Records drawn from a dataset

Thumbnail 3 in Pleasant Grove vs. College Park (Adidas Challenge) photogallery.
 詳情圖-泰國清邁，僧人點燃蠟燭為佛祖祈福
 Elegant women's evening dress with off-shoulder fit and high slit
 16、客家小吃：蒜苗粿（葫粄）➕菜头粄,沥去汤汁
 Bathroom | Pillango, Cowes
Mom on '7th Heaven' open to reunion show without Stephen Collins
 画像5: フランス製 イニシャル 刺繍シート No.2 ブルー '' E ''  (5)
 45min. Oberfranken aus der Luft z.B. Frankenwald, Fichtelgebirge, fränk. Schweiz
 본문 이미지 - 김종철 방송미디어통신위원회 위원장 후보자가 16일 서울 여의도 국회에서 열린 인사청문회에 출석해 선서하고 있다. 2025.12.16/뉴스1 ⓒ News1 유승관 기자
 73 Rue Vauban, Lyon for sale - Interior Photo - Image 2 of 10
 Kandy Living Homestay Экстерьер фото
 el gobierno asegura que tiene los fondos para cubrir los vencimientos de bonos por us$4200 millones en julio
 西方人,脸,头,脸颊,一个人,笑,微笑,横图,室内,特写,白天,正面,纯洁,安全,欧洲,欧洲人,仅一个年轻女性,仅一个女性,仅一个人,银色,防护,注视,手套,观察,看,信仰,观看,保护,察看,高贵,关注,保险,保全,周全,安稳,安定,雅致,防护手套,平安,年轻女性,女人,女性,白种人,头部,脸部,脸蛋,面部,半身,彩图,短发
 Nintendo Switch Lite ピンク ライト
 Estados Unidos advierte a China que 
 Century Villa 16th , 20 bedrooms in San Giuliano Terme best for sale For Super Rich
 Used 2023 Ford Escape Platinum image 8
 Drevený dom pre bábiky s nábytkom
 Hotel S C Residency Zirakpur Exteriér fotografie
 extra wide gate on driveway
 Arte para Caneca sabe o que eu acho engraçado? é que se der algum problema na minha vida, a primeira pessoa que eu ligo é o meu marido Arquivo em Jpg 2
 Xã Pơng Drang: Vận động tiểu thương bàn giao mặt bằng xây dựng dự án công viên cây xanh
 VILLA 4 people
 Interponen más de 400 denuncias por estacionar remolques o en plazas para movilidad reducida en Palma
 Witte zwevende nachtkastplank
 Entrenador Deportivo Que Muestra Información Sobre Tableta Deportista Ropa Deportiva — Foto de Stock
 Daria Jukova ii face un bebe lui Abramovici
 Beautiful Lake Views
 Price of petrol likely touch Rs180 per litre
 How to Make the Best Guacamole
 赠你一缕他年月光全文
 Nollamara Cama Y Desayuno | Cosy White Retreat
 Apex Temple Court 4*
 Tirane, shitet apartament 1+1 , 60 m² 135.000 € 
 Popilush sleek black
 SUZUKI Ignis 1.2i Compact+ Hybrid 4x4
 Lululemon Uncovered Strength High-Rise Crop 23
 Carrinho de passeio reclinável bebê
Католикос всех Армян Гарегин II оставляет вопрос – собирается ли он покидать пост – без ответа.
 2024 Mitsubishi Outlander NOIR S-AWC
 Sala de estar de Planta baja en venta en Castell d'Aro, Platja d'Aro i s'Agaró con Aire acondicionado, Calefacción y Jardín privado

[Directions for this task]
When the word "sale" occurs in a line above, list that line.

[Response area]
 73 Rue Vauban, Lyon for sale - Interior Photo - Image 2 of 10
 Century Villa 16th , 20 bedrooms in San Giuliano Terme best for sale For Super Rich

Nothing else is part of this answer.